Listed entries:
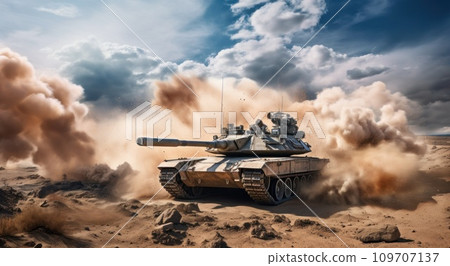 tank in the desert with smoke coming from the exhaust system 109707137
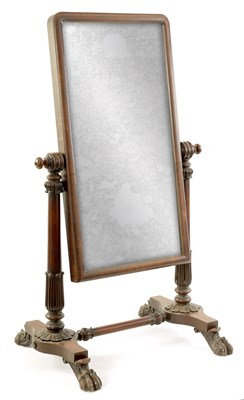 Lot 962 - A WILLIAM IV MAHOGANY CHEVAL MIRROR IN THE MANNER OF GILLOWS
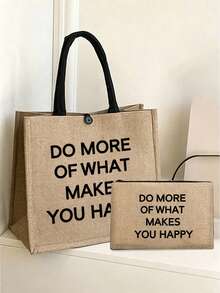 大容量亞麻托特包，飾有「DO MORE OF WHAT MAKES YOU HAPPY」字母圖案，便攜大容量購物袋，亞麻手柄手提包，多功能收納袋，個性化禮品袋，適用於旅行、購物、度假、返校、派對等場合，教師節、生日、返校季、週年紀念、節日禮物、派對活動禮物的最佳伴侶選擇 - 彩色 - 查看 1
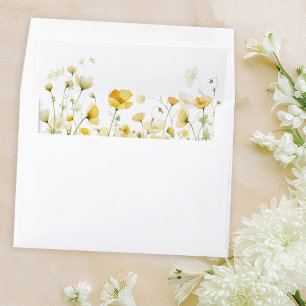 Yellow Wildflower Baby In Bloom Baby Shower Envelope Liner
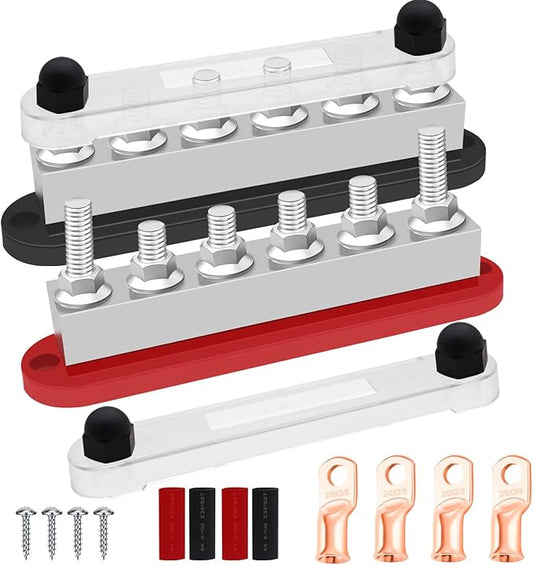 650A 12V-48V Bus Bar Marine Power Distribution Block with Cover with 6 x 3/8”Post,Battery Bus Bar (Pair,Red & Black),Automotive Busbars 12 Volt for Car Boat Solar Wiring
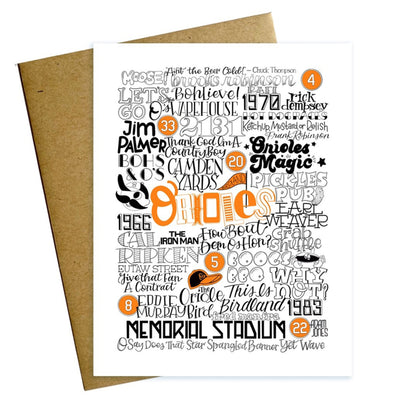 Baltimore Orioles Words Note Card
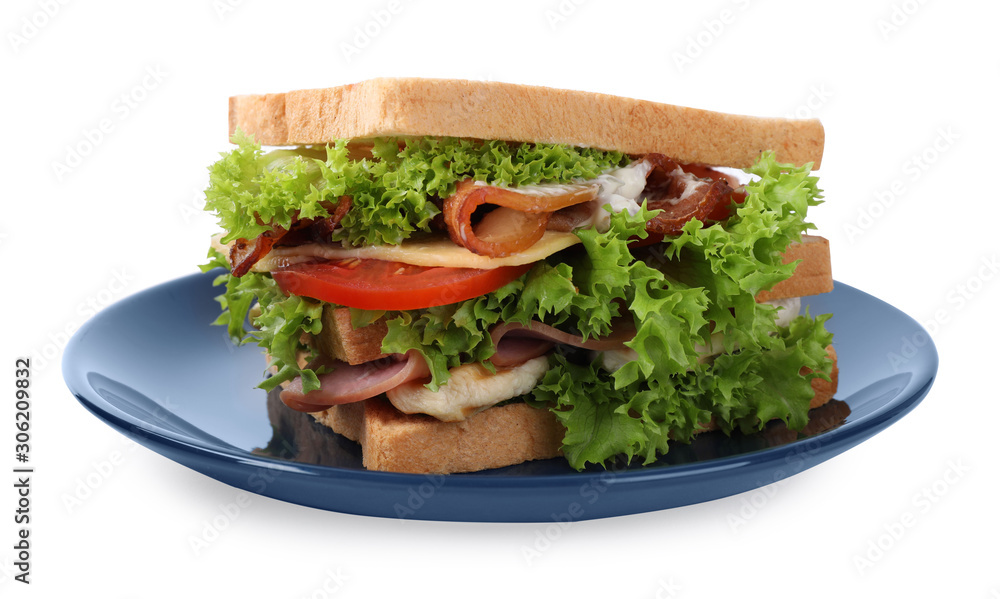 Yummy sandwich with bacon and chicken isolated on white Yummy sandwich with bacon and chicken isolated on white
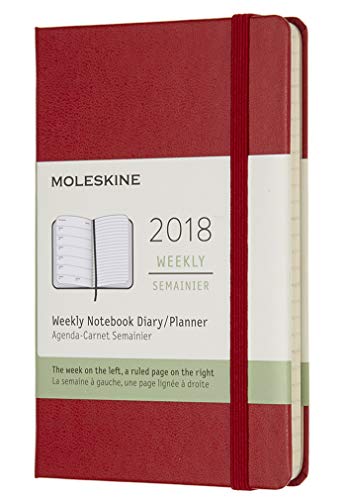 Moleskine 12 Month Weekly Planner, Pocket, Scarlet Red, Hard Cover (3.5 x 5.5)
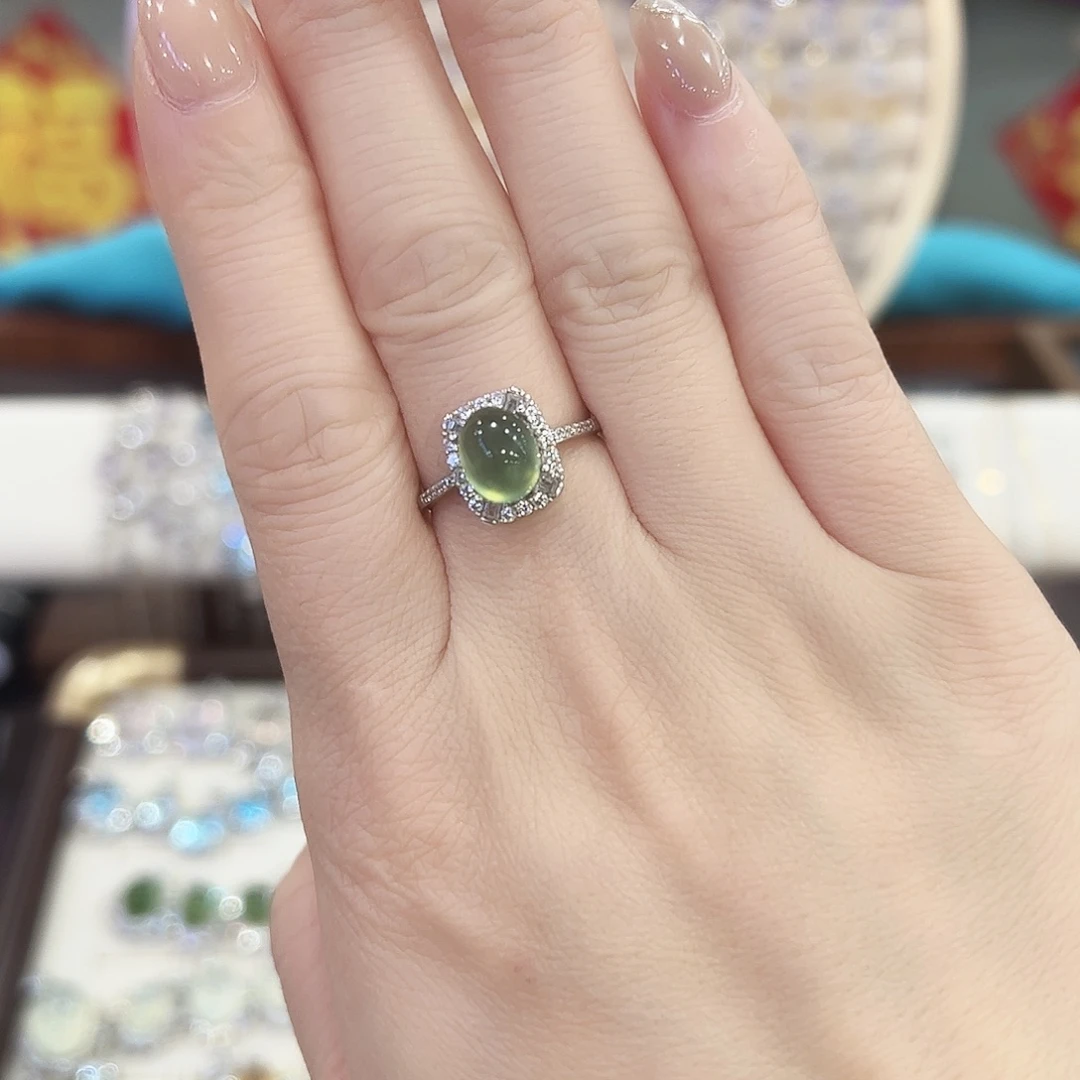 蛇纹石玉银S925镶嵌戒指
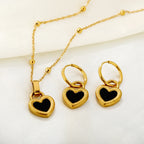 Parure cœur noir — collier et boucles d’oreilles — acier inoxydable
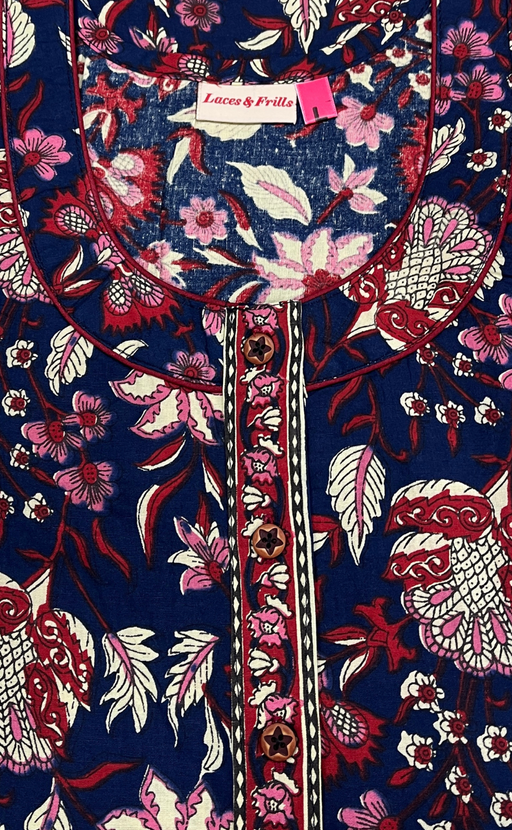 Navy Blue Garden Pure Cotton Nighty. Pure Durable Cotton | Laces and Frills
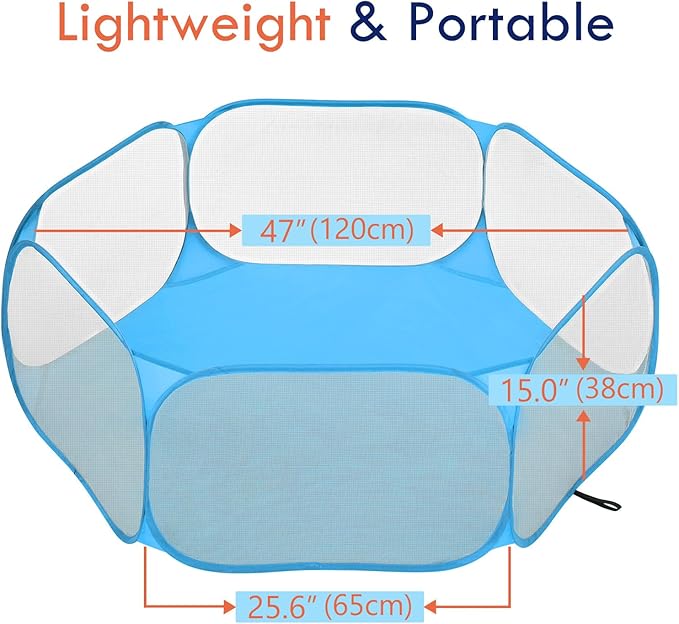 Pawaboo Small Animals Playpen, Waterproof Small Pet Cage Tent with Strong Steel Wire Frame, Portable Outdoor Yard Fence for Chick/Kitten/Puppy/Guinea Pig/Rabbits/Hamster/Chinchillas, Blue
---
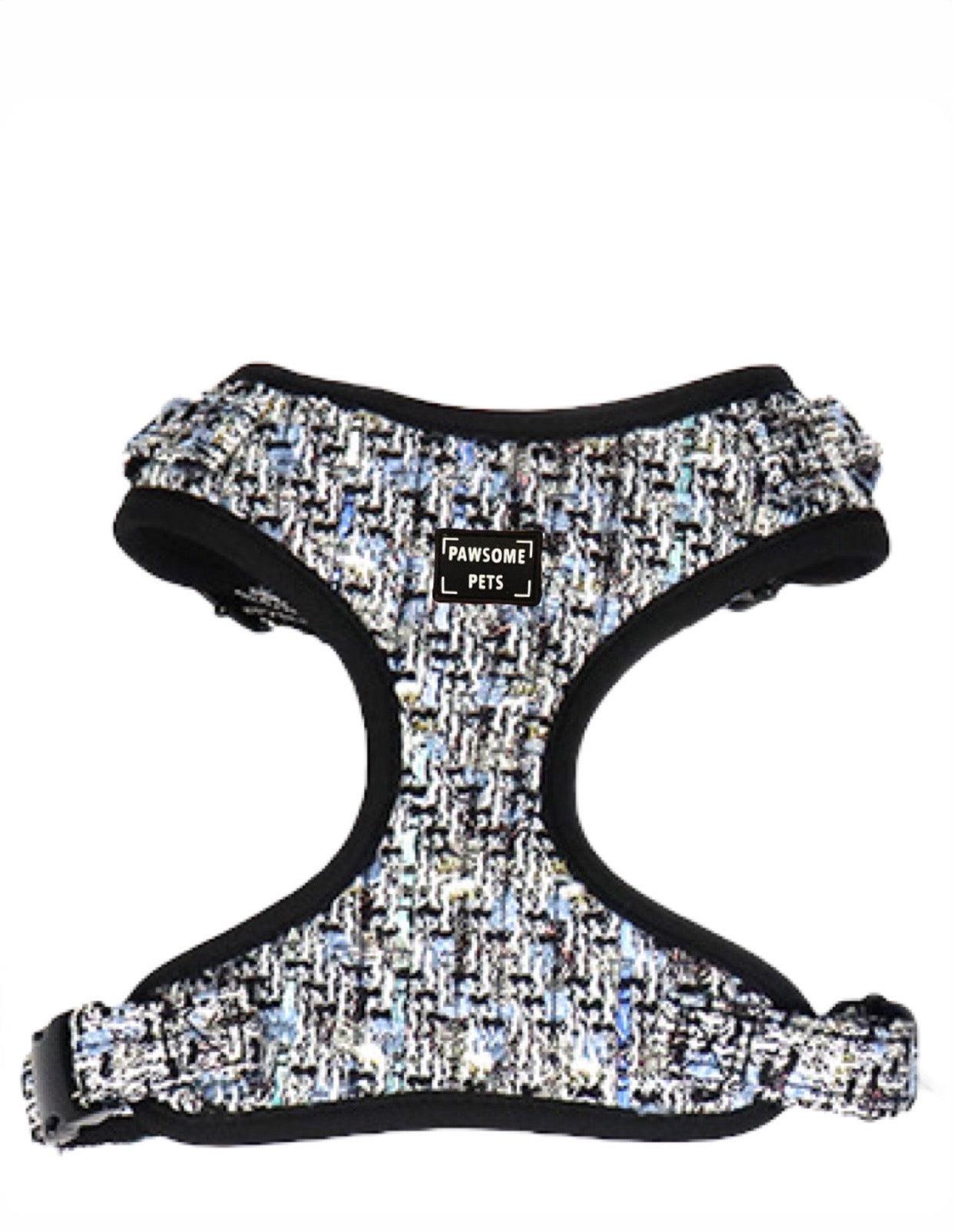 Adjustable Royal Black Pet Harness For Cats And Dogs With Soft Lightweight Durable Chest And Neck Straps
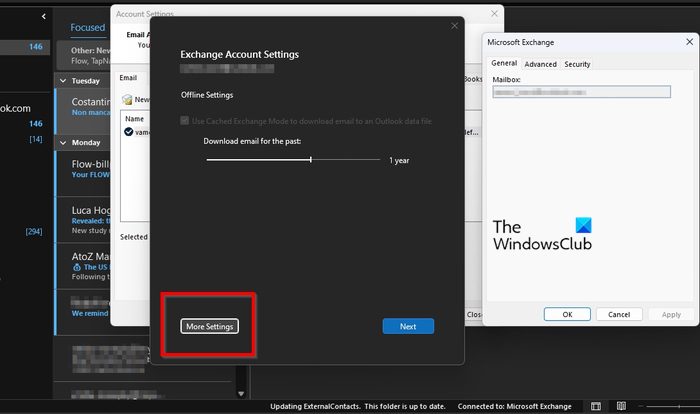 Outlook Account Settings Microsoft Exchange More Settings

Task to complete:
For this exercise, reproduce exactly the lines of the records above from the one with "tank in the" up to and including the one with "Navy Blue Garden", without pictures.

Answer to this exercise:
 tank in the desert with smoke coming from the exhaust system 109707137
 Lot 962 - A WILLIAM IV MAHOGANY CHEVAL MIRROR IN THE MANNER OF GILLOWS
 大容量亞麻托特包，飾有「DO MORE OF WHAT MAKES YOU HAPPY」字母圖案，便攜大容量購物袋，亞麻手柄手提包，多功能收納袋，個性化禮品袋，適用於旅行、購物、度假、返校、派對等場合，教師節、生日、返校季、週年紀念、節日禮物、派對活動禮物的最佳伴侶選擇 - 彩色 - 查看 1
 Yellow Wildflower Baby In Bloom Baby Shower Envelope Liner
 650A 12V-48V Bus Bar Marine Power Distribution Block with Cover with 6 x 3/8”Post,Battery Bus Bar (Pair,Red & Black),Automotive Busbars 12 Volt for Car Boat Solar Wiring
 Baltimore Orioles Words Note Card
 Yummy sandwich with bacon and chicken isolated on white Yummy sandwich with bacon and chicken isolated on white
 Moleskine 12 Month Weekly Planner, Pocket, Scarlet Red, Hard Cover (3.5 x 5.5)
 蛇纹石玉银S925镶嵌戒指
 Parure cœur noir — collier et boucles d’oreilles — acier inoxydable
 Navy Blue Garden Pure Cotton Nighty. Pure Durable Cotton | Laces and Frills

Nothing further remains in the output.